Eh, what to say now? I have to say that I was fairly disappointed with "Ignite" on the festival, so I will keep this short and spare my time and blog space. Ages ago I used to love the band and even now they tend to spin in my music player from time to time. It was always enjoyable listening to their exceedingly melodic hardcore punk tunes backed with amazing clear vocals. What managed to make their set fail my expectations is the fact that the singing was nowhere as awesome as on the recordings. It was quite weak and not impacting at all, which made me walk away to the distro/merch tent in hopes of soothing my sadness, so to speak. And this is pretty much all that I'm going to say on the matter.
The closing act of the day was quite legendary, although my expectations weren't completely met. "Pig Destroyer", need I say more? The Virginia grindcore has been ripping out guts and throats for the last 15 years and there was no point at which they would turn back. I always loved this project and their ability of taking gore and aggression onto a whole new different level, thus the abnormal excitement about seeing them live. Although their playing was on par and exceeding the beast on recordings, playing technical and fast, the sound was horrible. It seemed either too loud or too muffled and unrecognizable. The only "song" which I was instantly able to recognize was "Jennifer", a deciphering which is obvious for those of you who know about this piece. Keep in mind that I do not blame the band for this mischief, but much rather the stage they were playing on. Additionally what made this set horrid were the lights. Dear mother nature, even if you weren't suffering from photosensitive epilepsy, this was enough to give you a full blown seizure. Not only when flashing on and off, but also it was simply too bright to look at the stage, so the majority of the time I would either hide behind a taller person which actually wasn't that hard or stare at my girlfriend and kiss her which of course I don't complain about. Despite the fact that one could really grasp the talent of the band, I feel as if it was severely crippled and not entirely enjoyable. Next time, hopefully.

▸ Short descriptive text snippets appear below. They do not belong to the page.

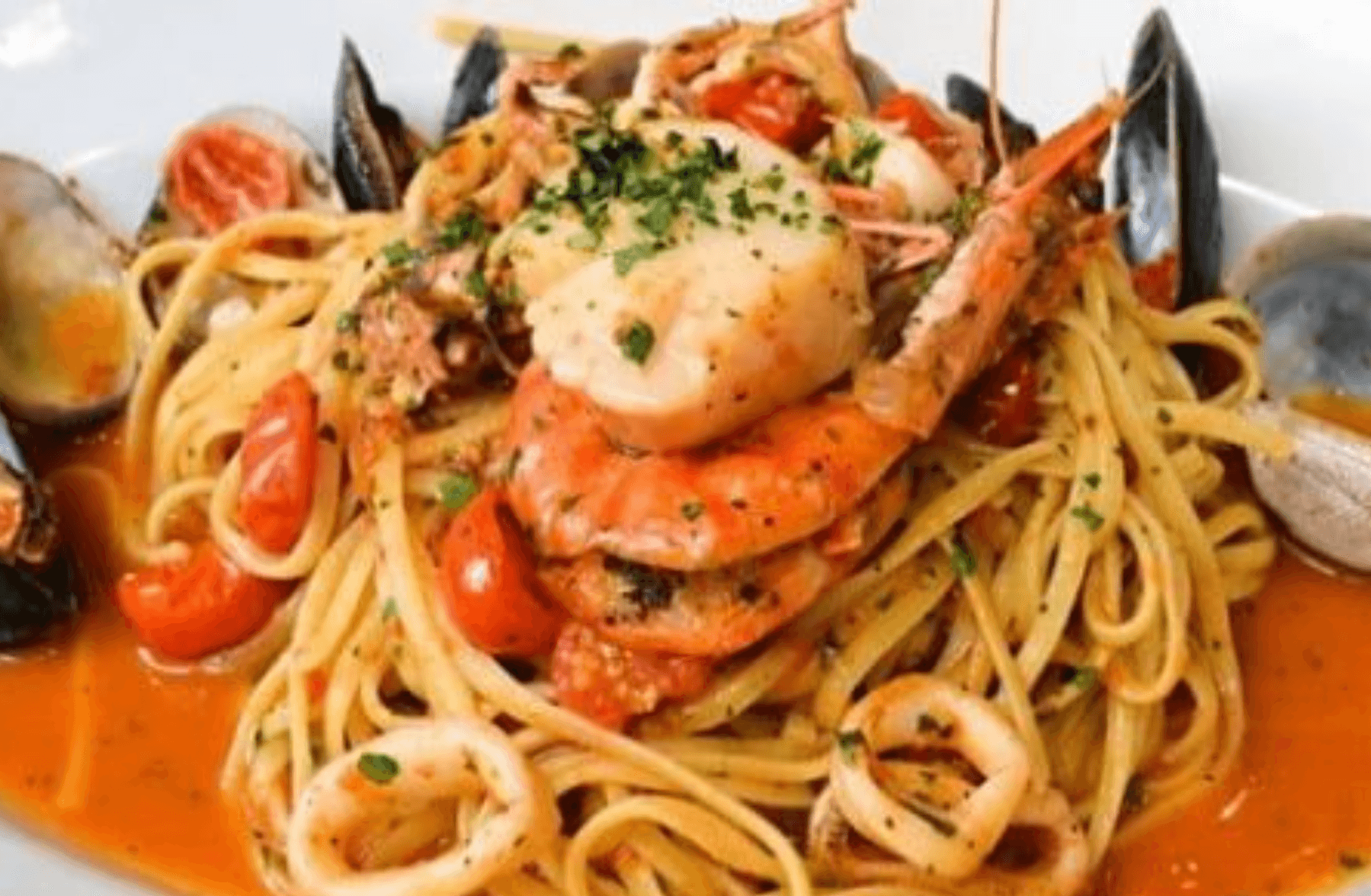Spaghetti Fruits de Mer
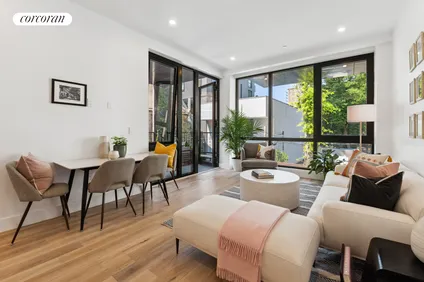 Homes for sale in Brooklyn | View 218 Classon Avenue, 2 | 3 Beds, 2 Baths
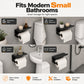 ⌛Limited-Time Offer-No Drill Carbon Steel Toilet Paper Holder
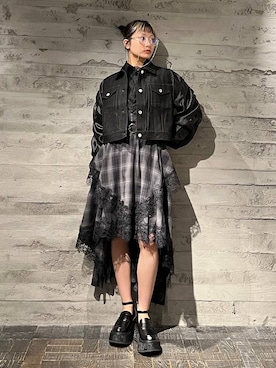 sakurarapartyさん（レディース・160cm）の春コーディネート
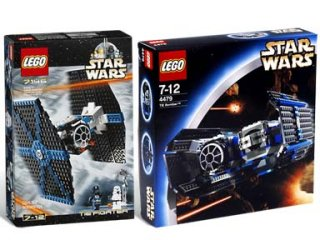 LEGO K4479 TIE Bomber & TIE Fighter Kit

Saturday, September 15, 2012

A band needs your help!

This is somewhat of an urgent and unexpected post, so please read it if you stumble upon the page. My good friends from the band "Eaglehaslanded" are currently on tour and last night they got robbed in Prague. Someone ransacked their van in the middle of the night and now they need your help. Here is their official post from their facebook page, found here:

"We have heard/read stories about bands being on tour and somebody robbed their van.. we are now in the same situation. Last night in Prague somebody broke into our van and stole some equipment. We're now heading to Vienna to continue the tour and no shows will be cancelled but we will most probably need some help to heal the wounds. If you're willing to help and you're wondering how - come to a show and buy some merch/cds - today Vienna, then Pecs, Subotica and Novi Sad. Another option is to donate to our paypal: - everything goes to buy new guitars and whatever more is missing."

Friday, September 14, 2012

Festival report: Ieperfest 2012, day one

I've managed to hit a speed-bump of sorts when it comes to life, so my inspiration levels have decreased significantly, which equals less posts on here. Lucky for me, I had my trusty booklet on the festival and I kept notes about my thoughts, so writing will come easier than usual. This event marked the ending of the summer festival season for me and there are tons of things I need to share, some positive some negative. As I already mentioned, after this I will start posting release reviews, which I presume will be a good thing due to the fact that you boys and girls are probably bored by only reading my gig and festival write-ups.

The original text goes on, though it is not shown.